March 06, 2007
A Tale of Two Feeds
It was the best of times, it was the worst of times.
Though Dickens may have been writing about the French Revolution when he opened his much-exalted A Tale of Two Cities, his proverbial words could just as easily apply to a very different revolution: the RSS revolution, and its still nascent descendant, Atom1.
Although the concept of a web feed has existed for a number of years now, I would argue that it has only recently begun to reach the proverbial tipping point
amongst the unwashed, non-technical masses. The arrival of easy to use, no-nonsense aggregators and news readers such as Google Reader and Blog Lines has made what was once an incredibly arduous and arcane task (e.g., debugging malformed XML) into something even my parents would be comfortable using—assuming, of course, that my parents ever decide to venture out of the electronic dark ages (a questionable assumption at best). In what amounts to a few clicks of the mouse, one can now transform one's life from the utter tedium of manually checking individual blogs of friends, family, and the occasional Internet celebrity every couple days to the super-efficient method of reading all of one's content in one, convenient location on the web. These are indeed the best of times when it comes to convenience—the next logical step in the storied history of the Internet and blogging.
As Dickens astutely noted, however, with the best of times, so come the worst of times, at least for the developers who hope to enable this web feed revolution. Though Rohit's Realm has been using some form of syndication since at least 2003, the process of building and maintaining this feature was seriously hindered by vague and/or nonexistent standards and spotty—or, in some cases, erroneous—support from core Perl libraries (i.e., XML::RSS
). Luckily, the RSS libraries have finally matured to the point where I am fairly confident that Rohit's Realm now constantly supports valid RSS feeds. The same cannot be said about the site's purported Atom 1.0 feed that I so breathlessly declared was functional last month.
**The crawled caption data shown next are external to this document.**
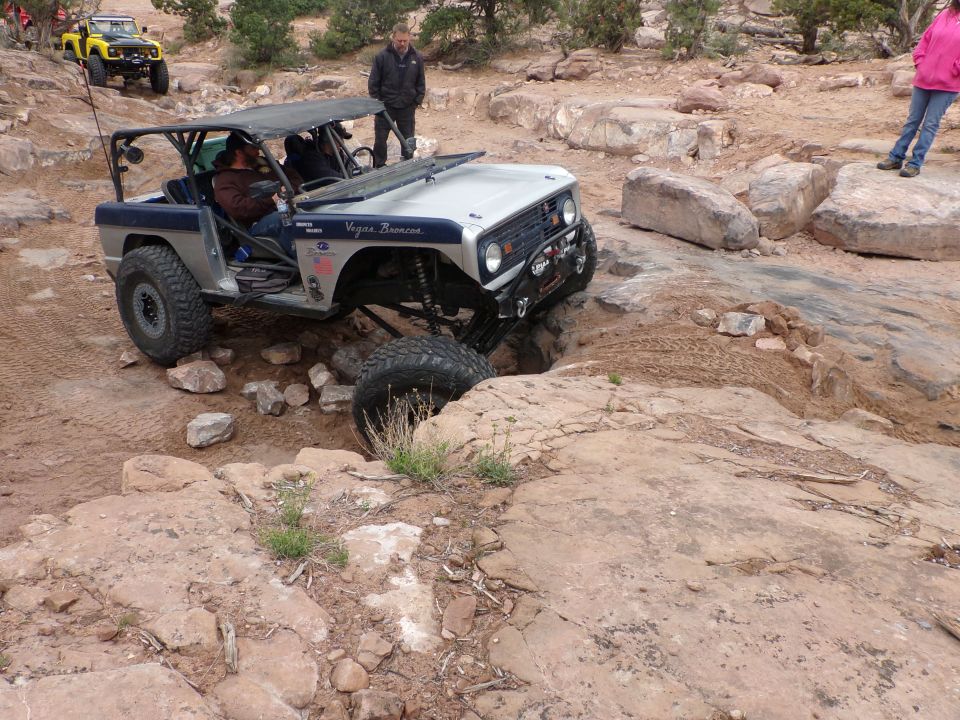 Modified off-road vehicle with roll cage navigating a rocky trail; another yellow off-road vehicle is visible in the background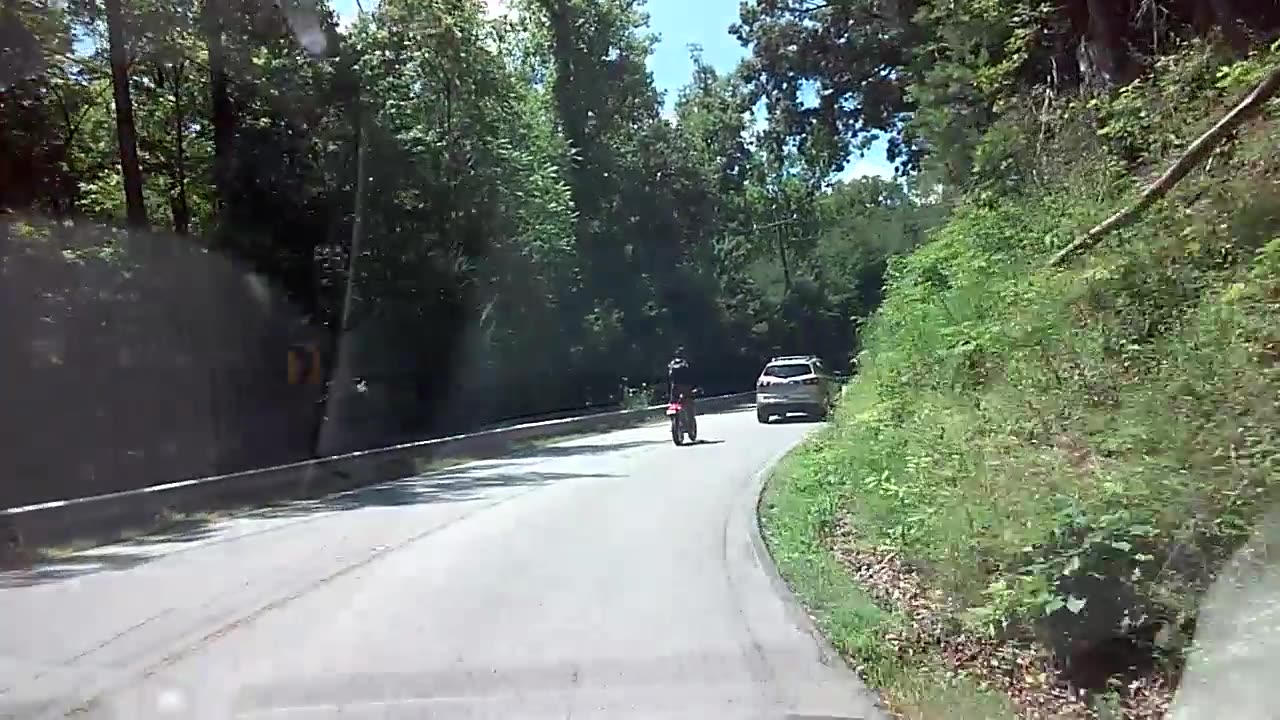 Suicidal Imbecile of the Day in a Hurry on these Narrow Winding Mountain Roads...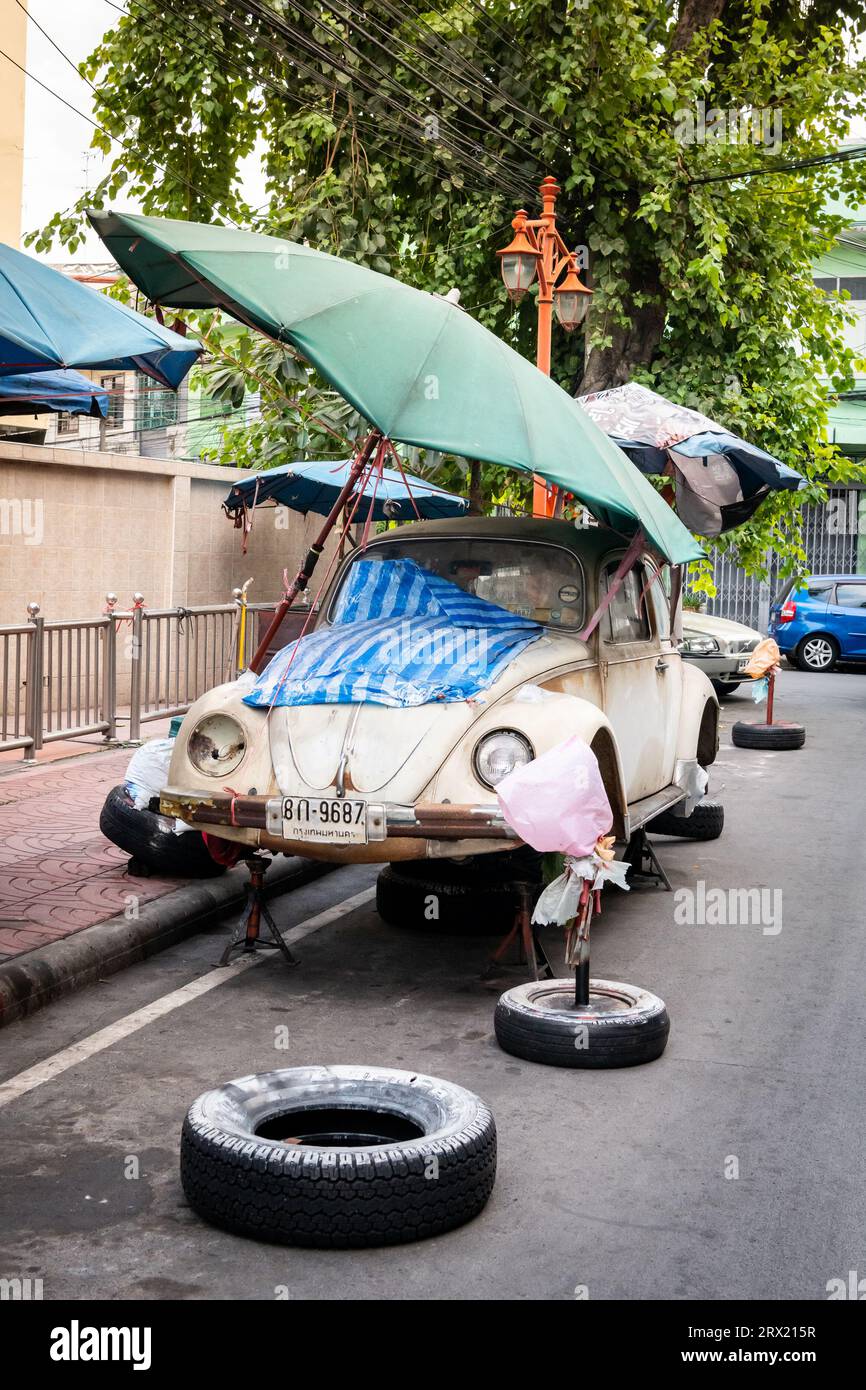 A very old ruined Volkswagen Beetle car sits under some umbrellas in the China Town area of Bangkok, Thailand. Stock Photo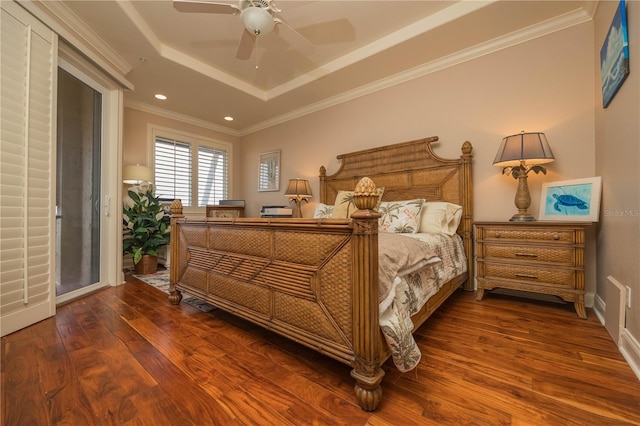 bedroom with hardwood / wood-style floors, ceiling fan, ornamental molding, and a tray ceiling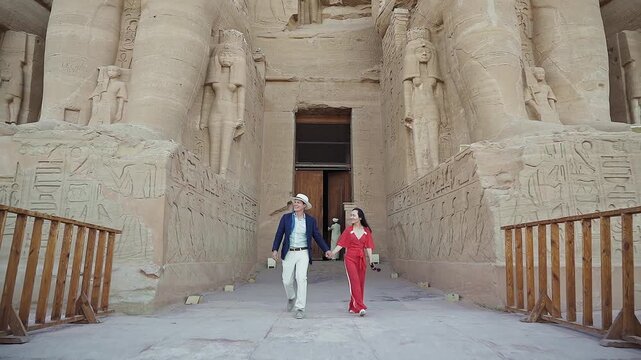 american young man traveler wearing white hat with his wife with red dress exploring ancient Egyptian abu simble temple with background of ramsses ii statues. Egypt.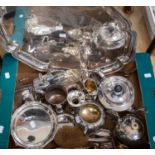 A box of silver plated items to include teapots jugs etc, and a large tray,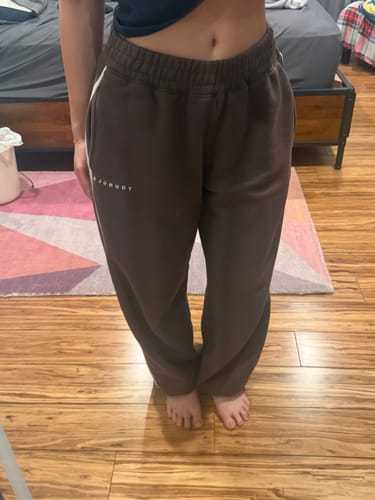 Customer's brown Streak Joggers with elastic waistband and deep pockets, showing a slouchy fit.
Until yesterday, the Atom feed on this site was riddled with a number of problems, including:
- The feed was not version 1.0, but the deprecated 0.3 instead
- The feed claimed it was written in the UTF-8 character set, but really was in ISO-8859-1
- The feed utilized an obsolete XML namespace (i.e.,
http://purl.org/atom/ns#
rather thanhttp://www.w3.org/2005/Atom
) - Links were simply broken due to a bug in my code
I spent the better part of yesterday fixing all these problems, only to discover that given the unstable nature of the Atom specification itself, the hopelessly inadequate state of the Perl libraries (i.e., XML::Atom
), and various other idiotic issues, the only way to get a valid Atom feed would be to hack away. Hack away I did, and now, I think the feed is valid, though who really knows?
The bottom line is this: the XML::Atom
library is still not fully supportive of Atom 1.0, and various cool features cannot exist until it is ready (e.g., categories, contributors, etc.). Moreover, for posterity's sake, some of the truly idiotic issues I had to hack around included:
- Converting all the text that is natively stored as ISO-8859-1 to UTF-8;
- Manually injecting a colon in the timezone offset of the timestamp generated by Perl's
DateTime
library to achieve RFC-3339 compliance; and - Manually changing all high-bit characters (e.g., é, è, á) to their corresponding HTML entities (argh!).
Even now, I am not totally sure things will continue to work. The XML::Atom::Entry
library continues to sometimes mark my content as type="xhtml"
and sometimes include entity-escaped HTML. Why? Hell if I know. My only hope is that the core libraries will soon catch up to the specification and I can finally send RSS off to the guillotine, leaving a new and improved Atom feed to live happily ever after with Lucie. It is a far, far better thing that I do, than I have ever done. It is a far, far better rest that I go to, than I have ever known.
1 To be precise, Atom and RSS share an analogous lineage in evolutionary terms, not homologous, but...just shut up, you nitpicking asshole.